**What is expected**: Your task is to return, word for word, only the lines from the line with "Manau - Panique celtique, Vol. 3" through the close of the data. Exclude all pictures.

**Data for analysis**:
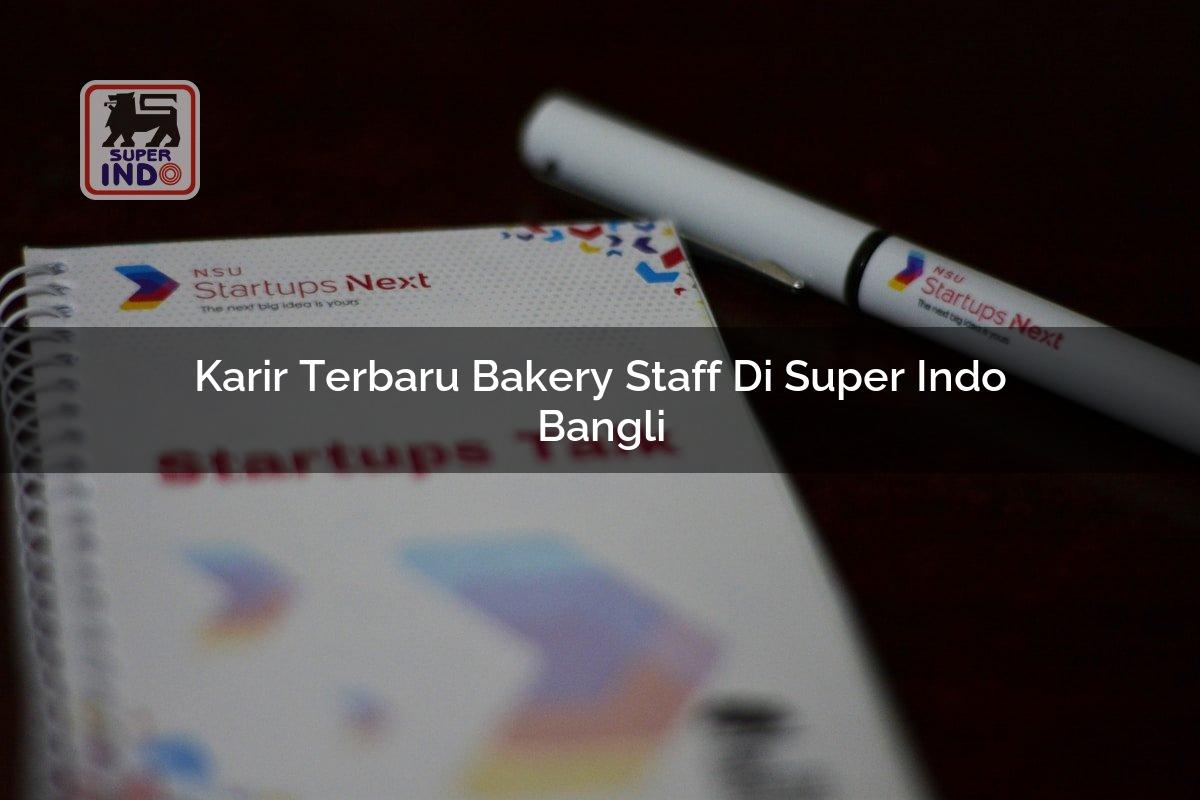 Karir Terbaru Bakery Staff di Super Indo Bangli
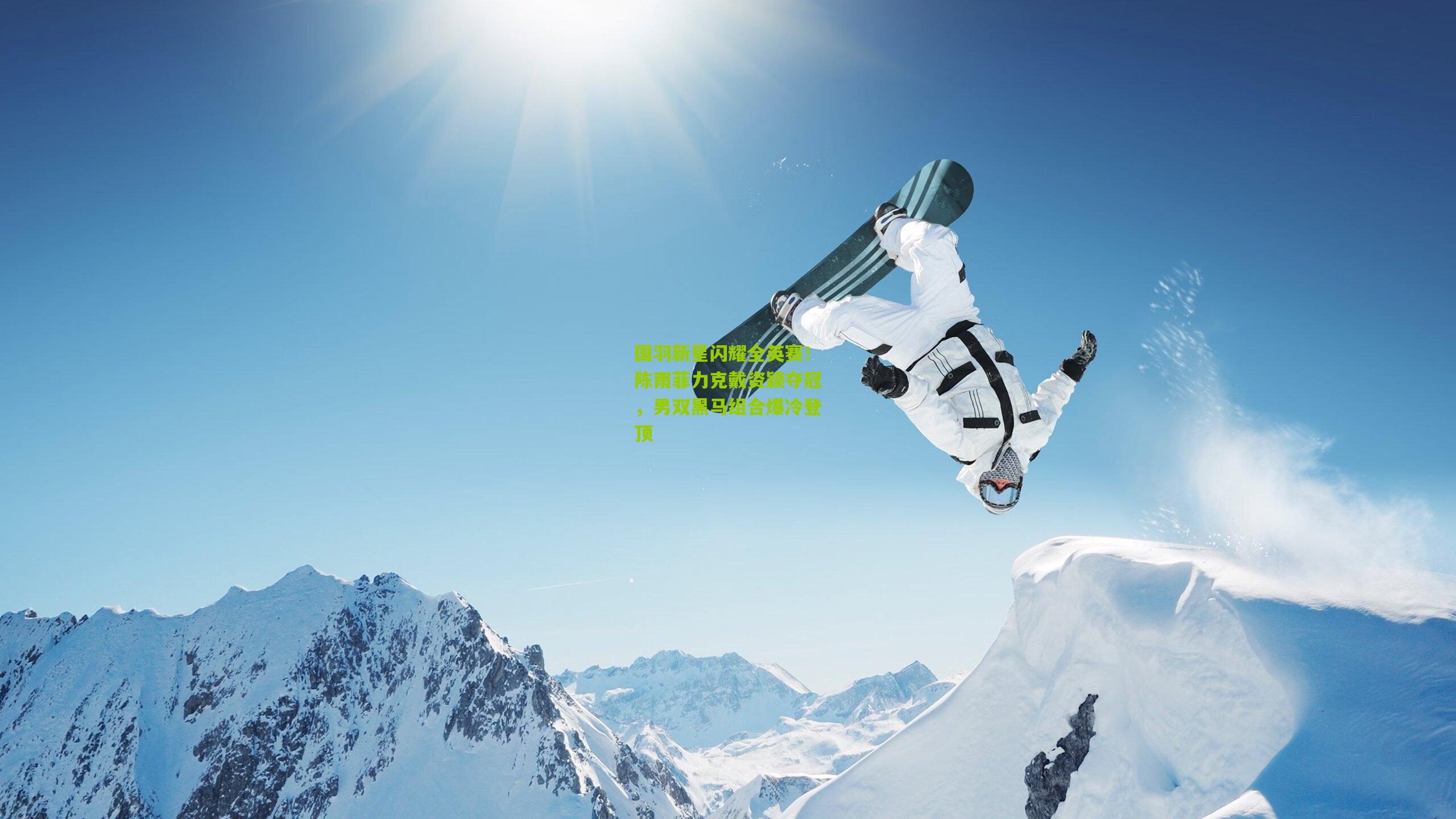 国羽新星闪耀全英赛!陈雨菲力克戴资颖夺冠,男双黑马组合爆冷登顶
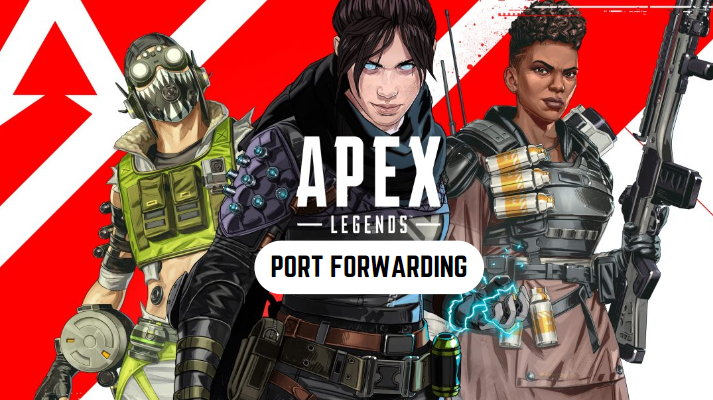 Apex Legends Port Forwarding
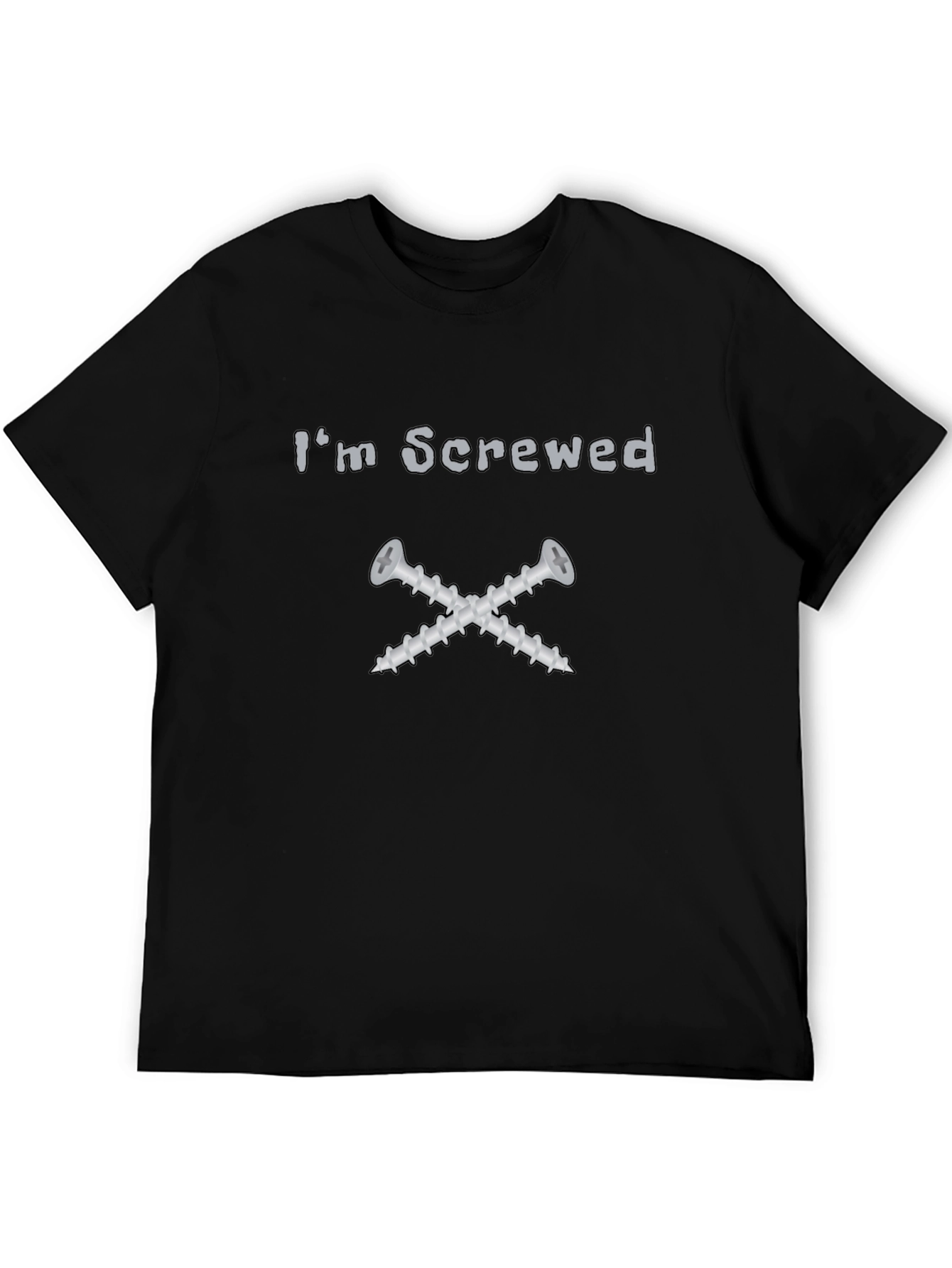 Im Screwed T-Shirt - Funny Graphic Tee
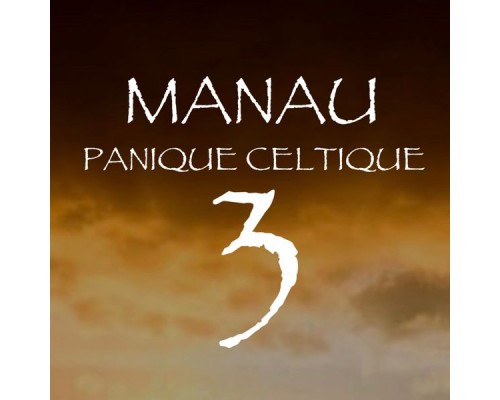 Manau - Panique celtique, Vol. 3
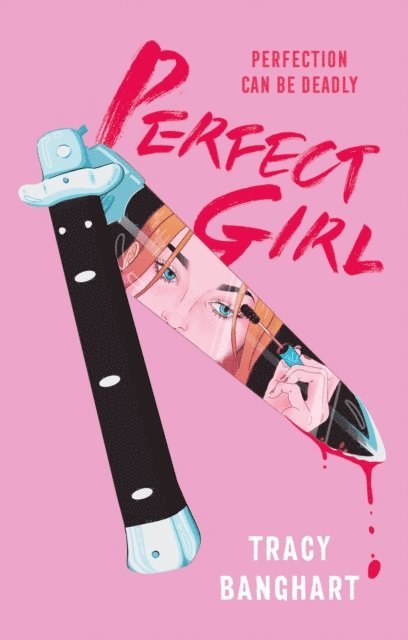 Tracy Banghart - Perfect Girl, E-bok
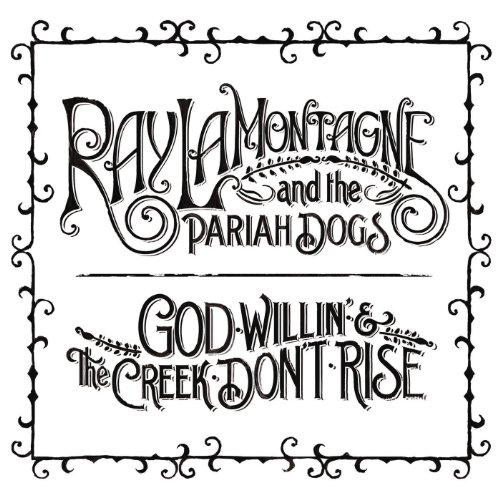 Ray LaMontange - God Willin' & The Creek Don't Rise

**Solution for this exercise**:
 Manau - Panique celtique, Vol. 3
 Tracy Banghart - Perfect Girl, E-bok
 Ray LaMontange - God Willin' & The Creek Don't Rise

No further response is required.